-------- Data section --------
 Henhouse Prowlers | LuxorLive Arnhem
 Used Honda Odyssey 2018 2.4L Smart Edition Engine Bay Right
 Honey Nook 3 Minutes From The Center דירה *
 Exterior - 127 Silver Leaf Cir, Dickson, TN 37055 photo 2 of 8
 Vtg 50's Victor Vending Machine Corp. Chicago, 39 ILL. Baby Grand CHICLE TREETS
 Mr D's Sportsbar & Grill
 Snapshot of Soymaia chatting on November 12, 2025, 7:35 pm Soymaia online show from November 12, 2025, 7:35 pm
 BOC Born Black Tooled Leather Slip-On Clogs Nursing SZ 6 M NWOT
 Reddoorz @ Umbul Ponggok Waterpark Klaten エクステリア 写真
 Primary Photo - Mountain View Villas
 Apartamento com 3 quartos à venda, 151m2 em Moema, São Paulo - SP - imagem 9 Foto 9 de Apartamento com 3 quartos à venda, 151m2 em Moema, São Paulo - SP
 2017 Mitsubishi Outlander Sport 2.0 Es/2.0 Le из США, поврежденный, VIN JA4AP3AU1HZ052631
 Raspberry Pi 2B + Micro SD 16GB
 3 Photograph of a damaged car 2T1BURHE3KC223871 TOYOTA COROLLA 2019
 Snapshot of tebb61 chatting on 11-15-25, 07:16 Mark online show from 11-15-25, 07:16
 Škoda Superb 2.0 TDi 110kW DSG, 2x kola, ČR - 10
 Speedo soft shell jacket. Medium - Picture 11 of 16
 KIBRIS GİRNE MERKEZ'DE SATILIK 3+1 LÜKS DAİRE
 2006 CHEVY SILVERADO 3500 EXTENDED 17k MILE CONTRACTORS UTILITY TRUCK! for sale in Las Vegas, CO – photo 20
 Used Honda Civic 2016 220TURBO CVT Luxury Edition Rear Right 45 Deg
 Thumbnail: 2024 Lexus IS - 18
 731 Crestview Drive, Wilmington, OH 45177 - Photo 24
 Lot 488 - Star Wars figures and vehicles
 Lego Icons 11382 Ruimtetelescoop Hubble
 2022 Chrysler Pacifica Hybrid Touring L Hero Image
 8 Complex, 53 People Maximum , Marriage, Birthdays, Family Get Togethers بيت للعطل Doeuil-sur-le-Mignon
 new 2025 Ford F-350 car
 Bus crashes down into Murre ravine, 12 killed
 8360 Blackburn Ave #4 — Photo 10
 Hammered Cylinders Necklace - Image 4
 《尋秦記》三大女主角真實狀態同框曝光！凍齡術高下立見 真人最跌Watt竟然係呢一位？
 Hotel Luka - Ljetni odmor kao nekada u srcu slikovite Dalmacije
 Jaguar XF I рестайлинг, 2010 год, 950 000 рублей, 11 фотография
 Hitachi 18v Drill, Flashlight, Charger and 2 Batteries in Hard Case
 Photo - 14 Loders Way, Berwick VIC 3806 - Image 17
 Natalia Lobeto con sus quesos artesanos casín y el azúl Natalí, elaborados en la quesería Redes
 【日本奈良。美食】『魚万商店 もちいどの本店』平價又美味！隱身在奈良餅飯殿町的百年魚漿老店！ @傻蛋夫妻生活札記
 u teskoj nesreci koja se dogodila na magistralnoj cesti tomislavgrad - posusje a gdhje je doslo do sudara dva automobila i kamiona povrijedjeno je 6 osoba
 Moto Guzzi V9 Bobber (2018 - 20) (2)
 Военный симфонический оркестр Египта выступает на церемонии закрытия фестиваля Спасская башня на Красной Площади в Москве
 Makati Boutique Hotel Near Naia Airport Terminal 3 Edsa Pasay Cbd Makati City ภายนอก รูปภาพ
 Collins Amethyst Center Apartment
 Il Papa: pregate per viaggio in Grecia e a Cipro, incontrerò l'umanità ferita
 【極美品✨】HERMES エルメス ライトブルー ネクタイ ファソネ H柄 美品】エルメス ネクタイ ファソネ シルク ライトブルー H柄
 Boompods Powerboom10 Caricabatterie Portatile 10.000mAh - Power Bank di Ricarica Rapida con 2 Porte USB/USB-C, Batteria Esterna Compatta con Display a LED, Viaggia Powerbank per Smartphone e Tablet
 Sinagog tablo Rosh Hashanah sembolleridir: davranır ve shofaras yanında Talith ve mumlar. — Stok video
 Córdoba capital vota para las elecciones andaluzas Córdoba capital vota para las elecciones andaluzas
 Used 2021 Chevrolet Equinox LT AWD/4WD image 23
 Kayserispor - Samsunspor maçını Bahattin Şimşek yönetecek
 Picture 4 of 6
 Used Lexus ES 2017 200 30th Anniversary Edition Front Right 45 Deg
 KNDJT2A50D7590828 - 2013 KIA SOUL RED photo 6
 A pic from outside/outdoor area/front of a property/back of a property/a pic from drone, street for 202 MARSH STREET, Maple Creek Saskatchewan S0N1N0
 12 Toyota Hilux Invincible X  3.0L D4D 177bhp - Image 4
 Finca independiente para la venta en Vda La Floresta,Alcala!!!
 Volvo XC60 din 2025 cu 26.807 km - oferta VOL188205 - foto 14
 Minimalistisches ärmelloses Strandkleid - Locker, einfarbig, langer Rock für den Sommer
--------
* [Brief]
Nothing but the lines from the line containing "A pic from outside/outdoor" through the final line of the entries should appear in your answer, copied exactly.

* [Output of the task]
 A pic from outside/outdoor area/front of a property/back of a property/a pic from drone, street for 202 MARSH STREET, Maple Creek Saskatchewan S0N1N0
 12 Toyota Hilux Invincible X  3.0L D4D 177bhp - Image 4
 Finca independiente para la venta en Vda La Floresta,Alcala!!!
 Volvo XC60 din 2025 cu 26.807 km - oferta VOL188205 - foto 14
 Minimalistisches ärmelloses Strandkleid - Locker, einfarbig, langer Rock für den Sommer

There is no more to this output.